It is very common for patients to open their mouths during DISE, as they usually do at home. If the mouth is open, the tongue may move backward, pushing the soft palate and further obstructing the UA. Changes to the areas and pattern of obstruction can be observed by just closing the mouth. This maneuver (often called chin-lift) is different from the Esmarch maneuver, which gently pulls the mandible forward to simulate the effect of a mandibular advancement device (MAD). As showed by the Antwerp group, maximum advancement of the mandible does not represent what a MAD can achieve [24]. Other than the advancement of the mandible, the thickness of a MAD needs to be simulated as well. Therefore, an interincisive distance of approximately 5 mm is necessary to mimic a MAD. The authors pull the mandible by grabbing it with the fingers inside the mouth in order to mimic the thickness and the protrusion of the MAD in place. This maneuver is also believed to be less painful compared with pushing the mandible at its angle (Figure 1). Performing DISE with a custom-made MAD is also feasible. DISE can begin with the MAD in place. The device can be removed after observing the UA for potential collapse for at least two cycles (stable snoring, apneas/hypopneas and breathing), and the UA can be observed for another two or more cycles with different positions and maneuvers. This is because insertion of a MAD while the patient is sedated is extremely difficult, while removal is much easier with less arousal for the patient [24,25].
We have previously discussed the backward movement of the tongue that pushes the soft palate causing velum collapse. The Esmarch maneuver may be useful to appreciate and differentiate the obstruction related to the tongue and soft palate. Sometimes velar collapse can contribute to secondary tongue or epiglottis collapse. It has been reported that not all UA collapses observed during DISE need to be addressed to achieve a successful result [26,27]. It is important to identify and surgically address areas of primary UA collapse, which in turn leads to improvement in areas of secondary collapse. Victores et al. proposed the use of a nasopharyngeal tube to overcome palatal collapse. After the insertion of the tube, many patients with multilevel collapse were noted to have improvement or complete resolution of the multilevel collapse. Complete resolution of tongue base collapse was rare compared to the lateral pharyngeal wall and epiglottis. This study also noted another interesting finding: the improvement of complete palatal collapse can also reduce downstream lateral pharyngeal wall and epiglottis collapse. The authors concluded that lateral pharyngeal wall and epiglottis obstruction were dependent on the complete palatal collapse. On the contrary, improving incomplete palatal obstruction did not significantly modify downstream UA morphology [28]. Although more studies should be made to confirm those results, it appears that any tongue base or epiglottis collapse observed while the palate is open should be considered primary collapse. Complete palatal obstruction can create negative pressure, leading to UA collapse downstream of the soft palate. Lateral pharyngeal wall collapse was the site most dependent on palatal collapse, followed by the epiglottis, while the tongue base appeared to be independent of the palatal obstruction.

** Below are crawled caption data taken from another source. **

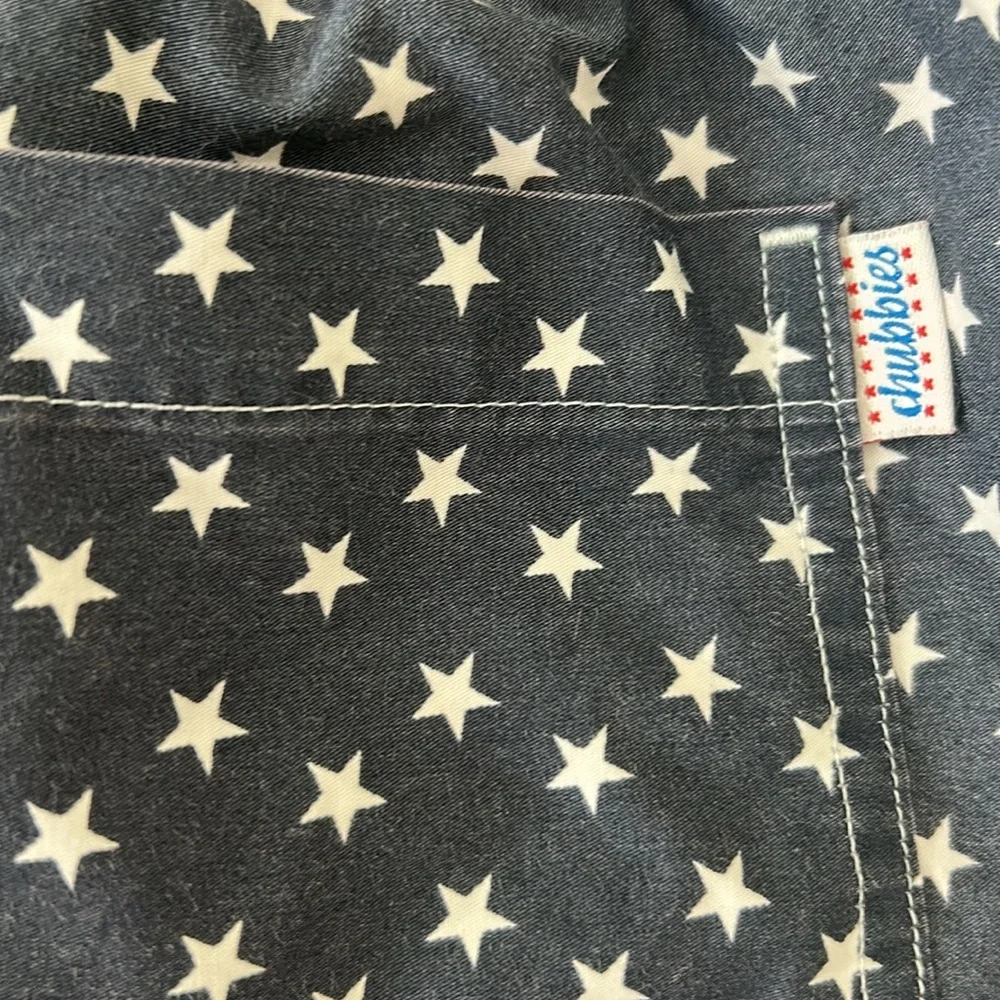 Chubbies The Mericas Swim Trunks sz L - Picture 6 of 8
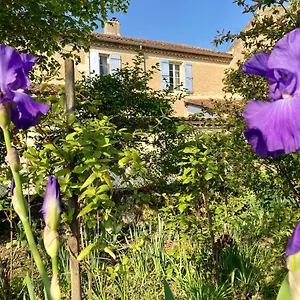 le-petit-cochon.midi-pyreneeshotels.com/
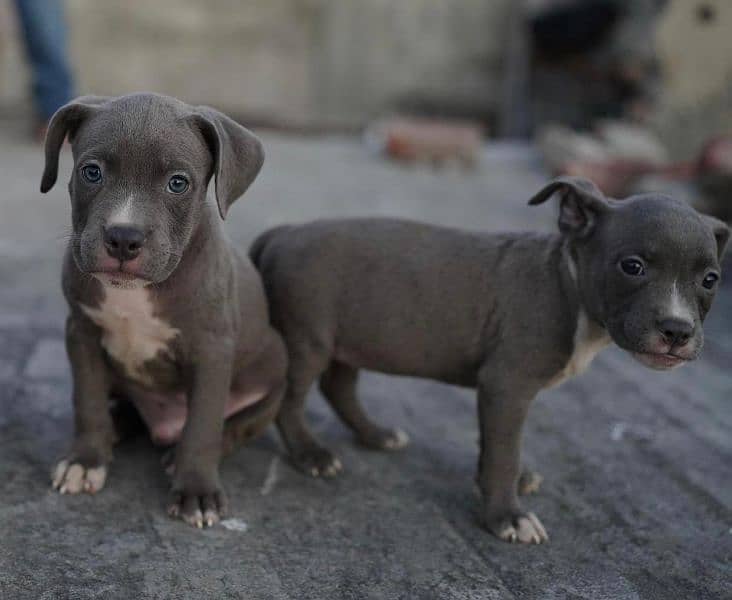 American bully pair for sale 0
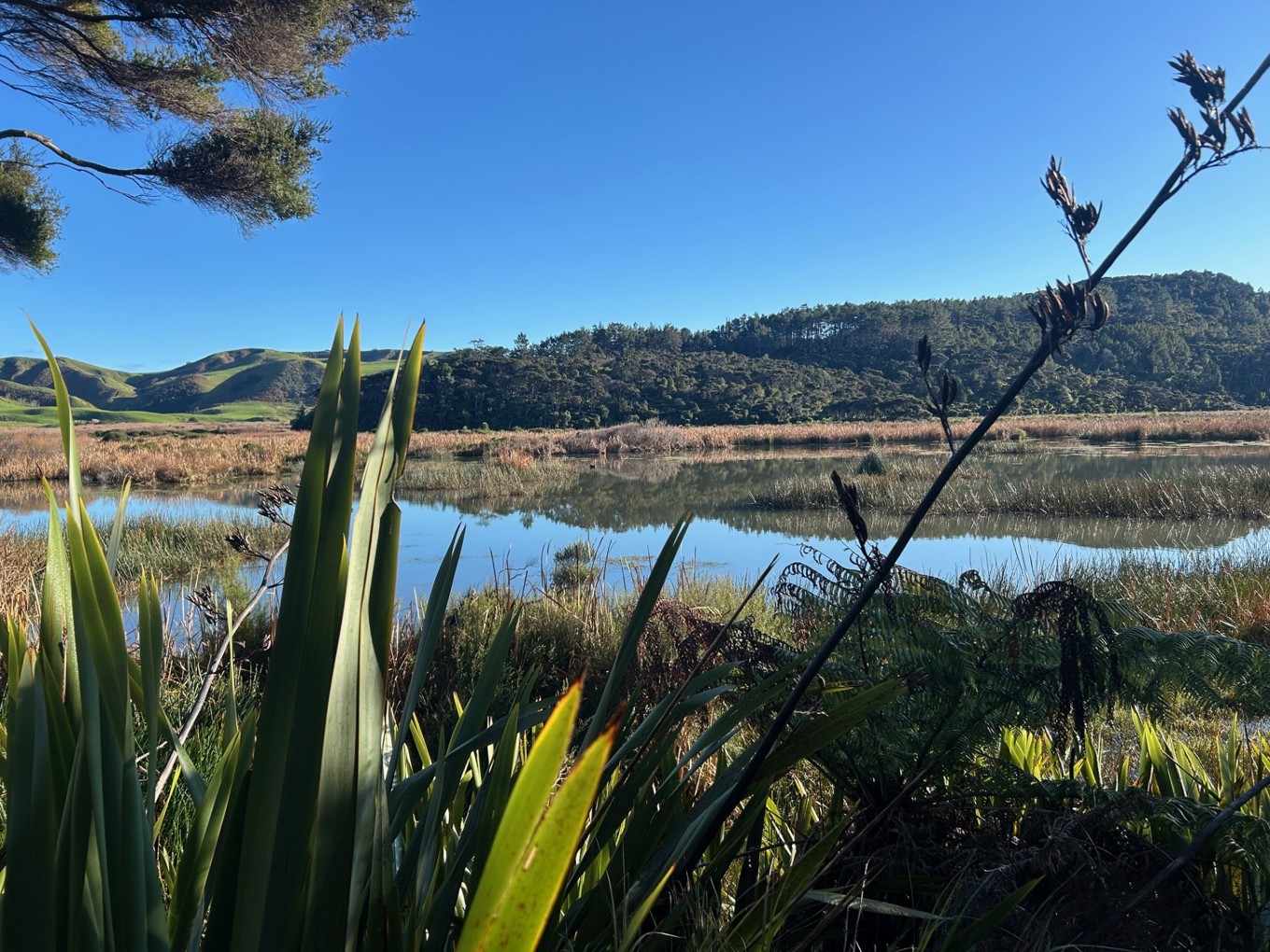 Te Henga Wetland – Soil and Health Association of NZ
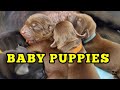 Caring For Our Baby Labrador Puppies During First Days Of Life (November 2020)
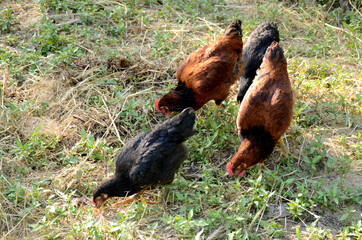 bunch the black orange hens eating grains in the garden.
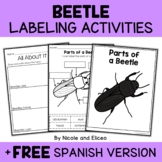 Parts of a Mealworm Beetle Activities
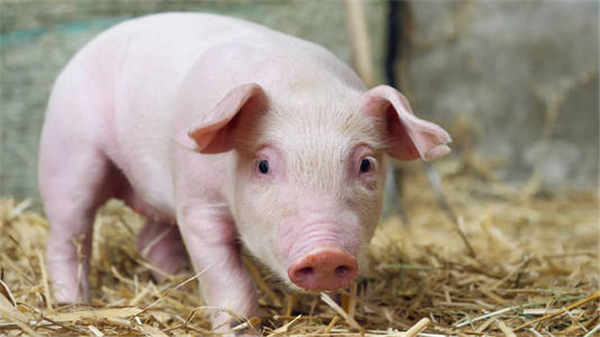 02月14日：全国农产品批发市场猪肉平均价格为20.22元/公斤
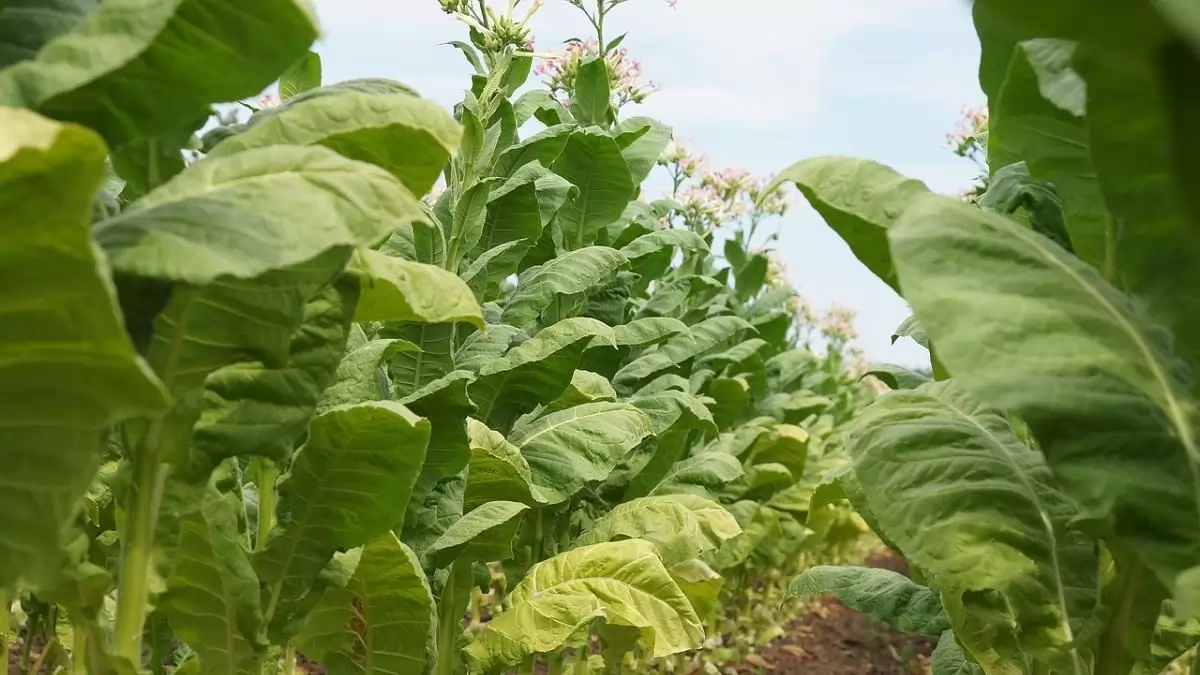 Elkezdődött a dohány betakarítása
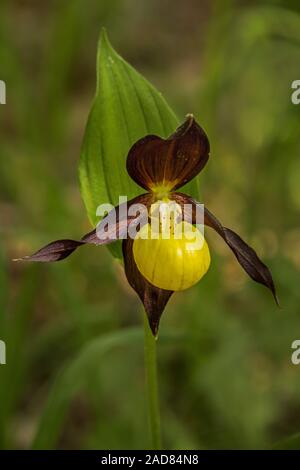 Gelber Frauenschuh lady Orchid' Cypripedium calceolus' Stockfoto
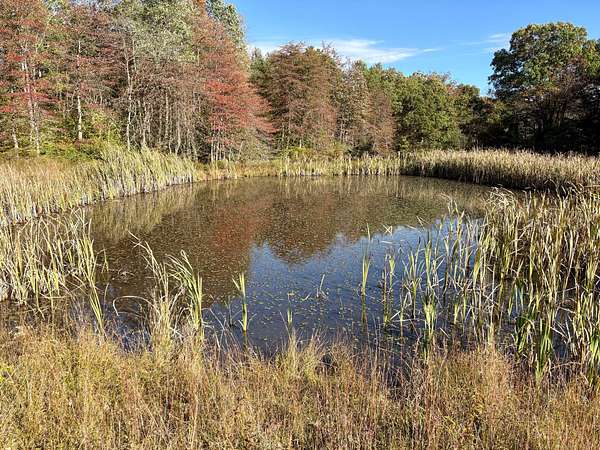 11 Acres of Recreational Land for Sale in Farmington, Pennsylvania
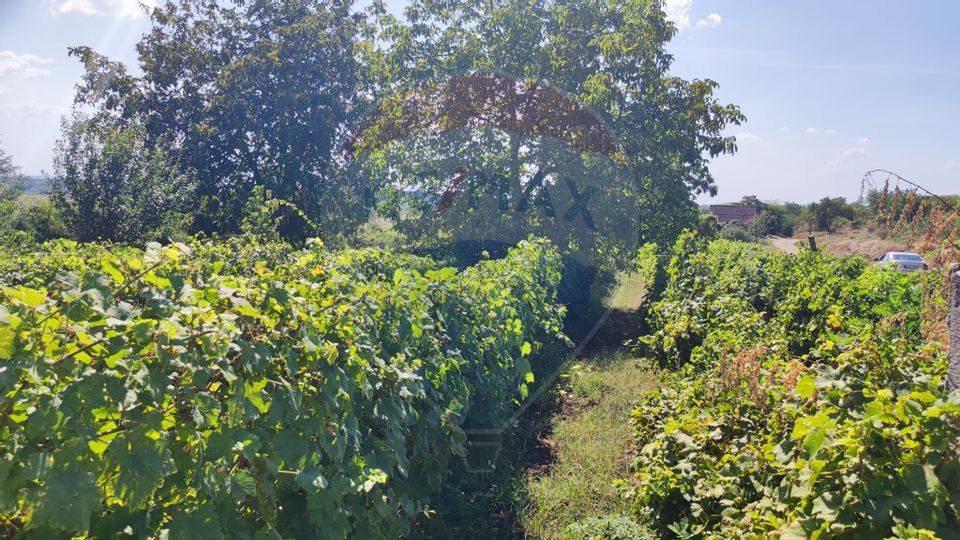 Loc de casa si teren cultivat cu vita de vie 1,28 Ha Santimreu Bihor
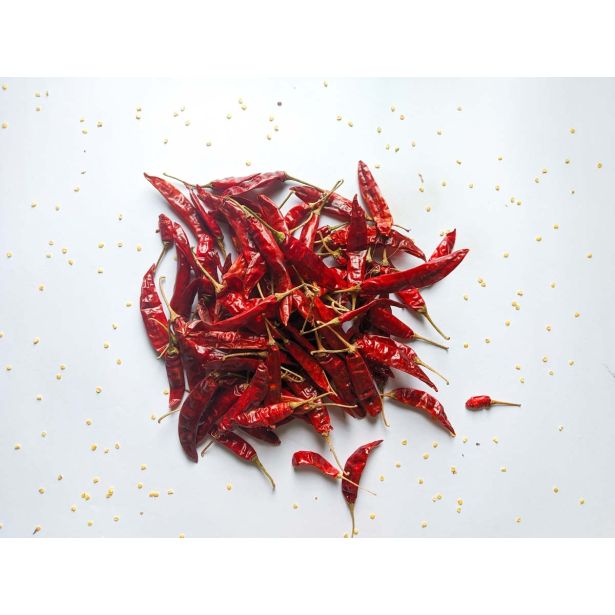 PLODOVKE L'ORTO FRUTTIFERO ČILI 4/1 CALABRESE F1 KULTIPAK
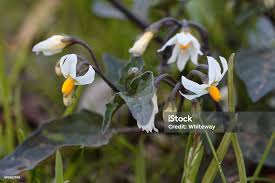 Image result for Solanum villosum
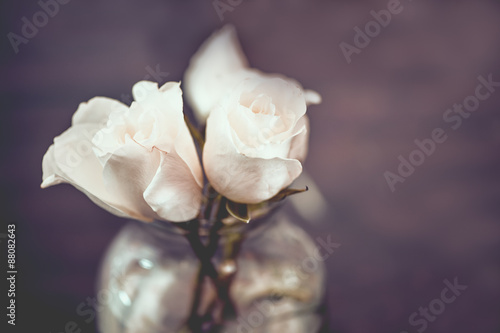 Vintage White Roses In Clear Glass Vase With Purple Background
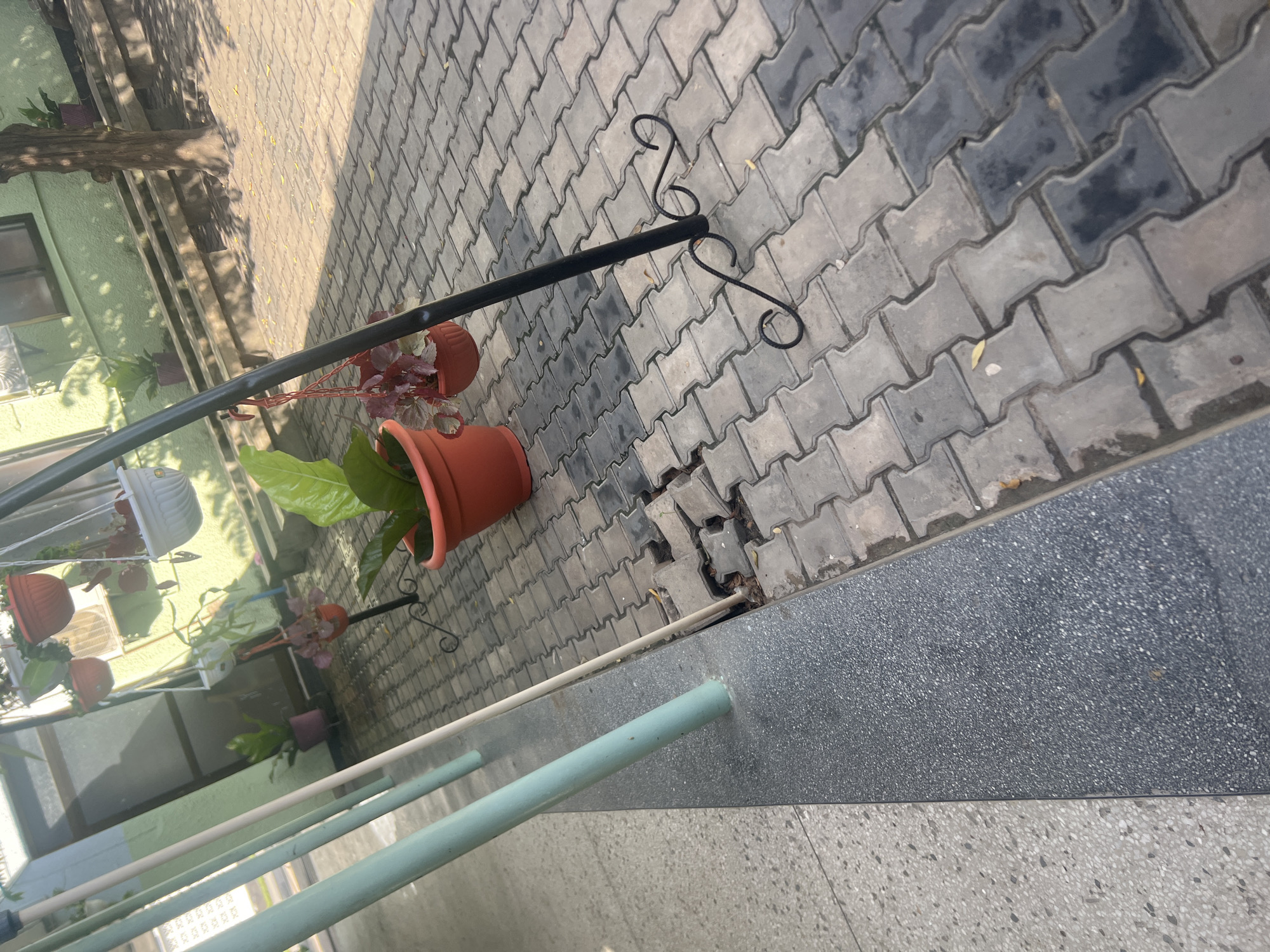 This media file presents an outdoor scene, likely a balcony or a walkway adjacent to a building, in Dar es-Salaam, Tanzania. The image is captured from a slightly elevated perspective, looking down across a varied ground surface.
The ground is composed of several distinct sections. To the left, there's an expanse of interlocking pavers, alternating between dark gray and light gray, with some patches appearing damp or discolored. A black metal pole with decorative scrolled elements at its top stands upright on these pavers. Adjacent to the pavers, towards the right, the ground transitions to a dark, speckled concrete surface, which is bordered by a lighter, similar speckled concrete area. A light blue metal railing runs horizontally across the mid-foreground, delineating these different ground textures.
Several potted plants bring life to the setting. A prominent terra cotta pot containing a lush, broad-leafed green plant sits on the pavers. Nearby, a smaller pot holds plants with reddish foliage. In the background, suspended white and terra cotta hanging pots are visible, along with other planters placed on ledges or on the ground next to a building.
The background features a light green-painted building wall, equipped with a window and an external air conditioning unit. A tree trunk is visible on the far left, casting long, distinct shadows across the pavers and parts of the building, indicative of bright sunlight during mid-morning or afternoon. No specific human activity is taking place, presenting a static and serene environment. No visible text is present in the image.
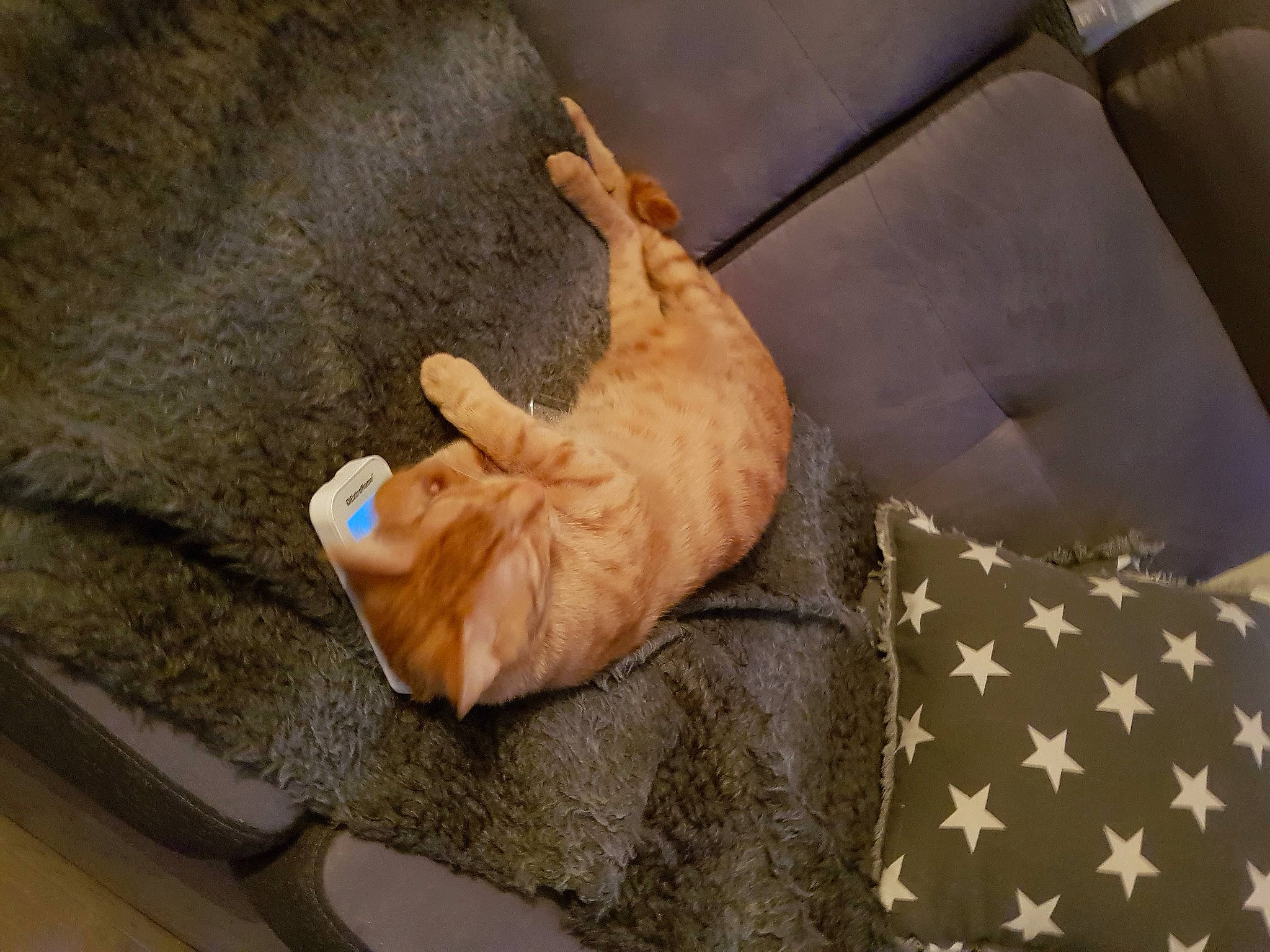 Nismo participe au concours pour gagner de l'argent avec cette photo : canidae, carnivore, cat, fawn, felidae, paw, sporting_group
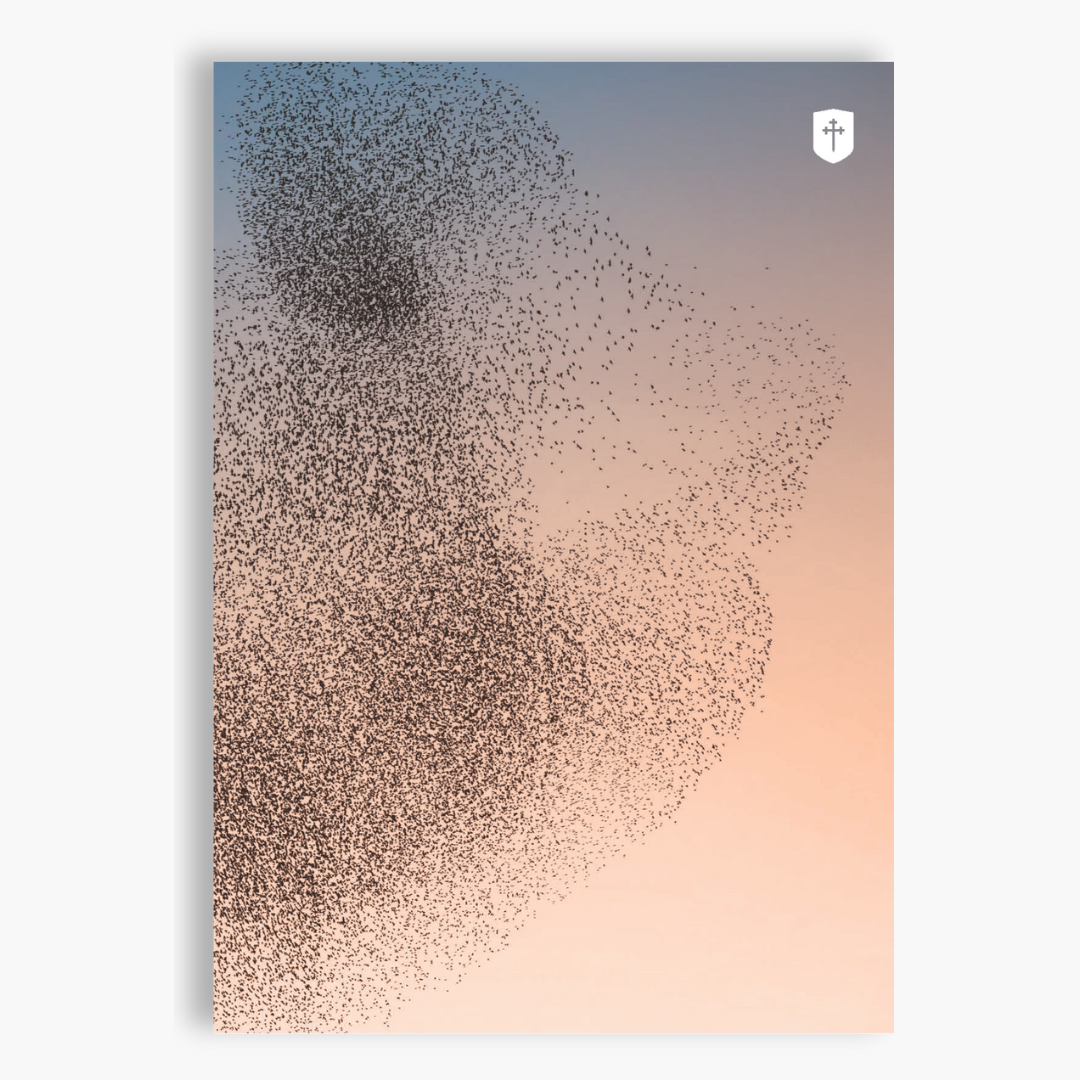 CovMag FA24 cover with drop.png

2.4. Observation Window, Events and Classification

The UA is observed once the desired sedation level is achieved, when the patient does not respond to verbal stimuli, and when a BIS signal of between 70 and 50 is reached. It is better to begin the observation at the upper part of the airway just below the choana, in order to see the palate and how it closes. Sometimes there may be tongue base or epiglottis collapse while the palate is still open. Most of the time it is impossible to see the tongue base and epiglottis, as the soft palate is closed. After observing the soft palate for 1–2 min, the scope can be advanced downward to observe the rest of the UA. After observing every level, we can proceed with the maneuvers. DISE should take approximately 15–30 min. Longer observation is not useful, as the UA will be full of saliva due to the inhibition of deglutition by propofol [20].
The events that must be observed are the areas of vibration and collapse as well as the shapes of the collapse. For proper assessment of the shapes of obstruction, the tip of the endoscope should be in the middle of the UA [6].
Unfortunately, there is no consensus on the ideal classification. All of them have their own advantages, but none is perfect. Sometimes it can be difficult to categorize the UA findings for the patient as the areas or shapes of collapse can change during the test. Although there is no need to use a classification system to understand the UA behavior, or to choose a tailor-made treatment for each patient, a standardized classification method is of utmost importance to compare findings between patients and results of different types of surgery. Due to its simplicity, a modified VOTE classification was recommended in the updated position paper on DISE (Table 1). Modifications include allowing any pattern of tongue base collapse and descriptive notes about the main structure causing the collapse. For example, we can indicate that the lateral wall collapse is caused by tonsillar hypertrophy, whereas tongue base collapse by lymphoid tissue. Patients with obvious lymphoid tissue hypertrophy should have a better response rate to surgery. Images of the possible complete obstructions are shown in Figure 2.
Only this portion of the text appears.